I'm wanting to have a button on a web page where if I click on that button it changes colour. Basically I have 3 images of leds being on, a green a yellow and a red. Depending on the state the normal running state would be green and if there was a problem I could make it yellow and if it was off make it red.
Rather than having 3 different buttons, I want to have 1 that can change when clicked and just cycle through the 3 colours. I don't know if this is possible, but someone suggested I try jQuery, which I'm still learning about and hopefully someone can help me with this.
Here are the buttons below I'm wanting to work with.

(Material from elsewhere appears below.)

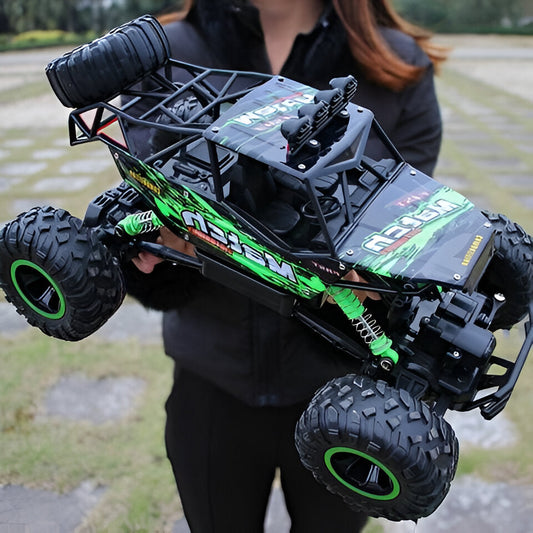 Tough Offroad 4x4 Monster Truck - Pexav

charlie is right. use a css sprite to render your button background image. a 'sprite" is basically one image that contains lots of smaller images. jquery ui makes extensive use of sprite images. click here to see an example of a sprite image. once you get the sprite image created, you would then use css positioning to show the part of the image you want to use. it's pretty simple.
are you using checkbox inputs in "operational", "offline", and "degraded"? just curious.
Yes I was using checkbox inputs in "operational", "offline", and "degraded". The way our current document is set up is basically the same where we have to tick the appropriate boxes. Someone suggested to me that it would look better with a single light, that's why I wanted to see if there was a way to do it.
I am trying to set up an online shift handover log, because there are a number of different sections I will have to have tabs for the different ones, but would like to be able to have a dashboard type thing where information put in on each section will show up on the main page or dashboard. I'm not sure how to make that work as I've only been working on this for about a week. I don't know if there is a way a dashboard can automatically pick up that a field has been entered in to and can replicate that or if you have to maybe submit the fields in to another page? Ideally it would be good to have a database type thing that could be searched on for words, but if I can't do that, being able to maybe save the pages as a pdf file and also being able to submit it as an email. I guess I'll just have to see how I go at one thing at a time.
Thanks Jake, that works great, I'm sure I can use that, I think I'll look at seeing if I can get it to work on clicking on the same button and cycling through the colours too. If you noticed I had Shifts on the page and maybe I could add 2 more images of the sun and the moon that show up when clicking on shift.
What was the submit button for?
When creating a sprite image, is it just a matter of keeping the images close together and is there a preferred image format? Can I also add other images but different sizes such as a sun and moon icon.?
How do you work out where the image is too?
Here is an image I put together, is this ok to use as a sprite image on my page?
The submit button was there for my stand-alone testing. there are a few lines for parsing the url params as well.
the more images (of the same size) in a sprite the merrier it is! Mixing sizes requires more exacting CSS.
I like my sprites to be long or wide, not multiple rows. It makes for less numbers in the CSS. keeping the images close in the sprite is not necessary because all image formats are compressed. Your sprite image is perfectly good!
If you look at the CSS I use classes to switch the position in the sprite
So I guess then that maybe positioning the images say every 50px or 100px would make life a lot easier.
What size image would be considered too big, because I'm thinking if I can work out how to click on a button or link that can cycle through images to display and work out how to display an image anywhere that can do what I want, then I could probably make a sprite image with all the images on the page.
Positioning the images in the sprite is your choice. Certainly nice round numbers are better than odd numbers, and the extra space between images give you a little leeway if you can’t count pixels. I can’t count pixels every time!
Sprites are usually for background images. The more you cram into the sprite the less http requests are made to the server, and the less images you might want to pre-load.
Many jQuery programmers write pages that first work without any scripting. Then use jQuery to enhance. That’s why I wrote the page with radio buttons in the HTML, and let the jQuery change it into a span with all the css needed to make the page pop.
It all gets a bit more difficult when you bring in your back-end choices. But, that’s another story!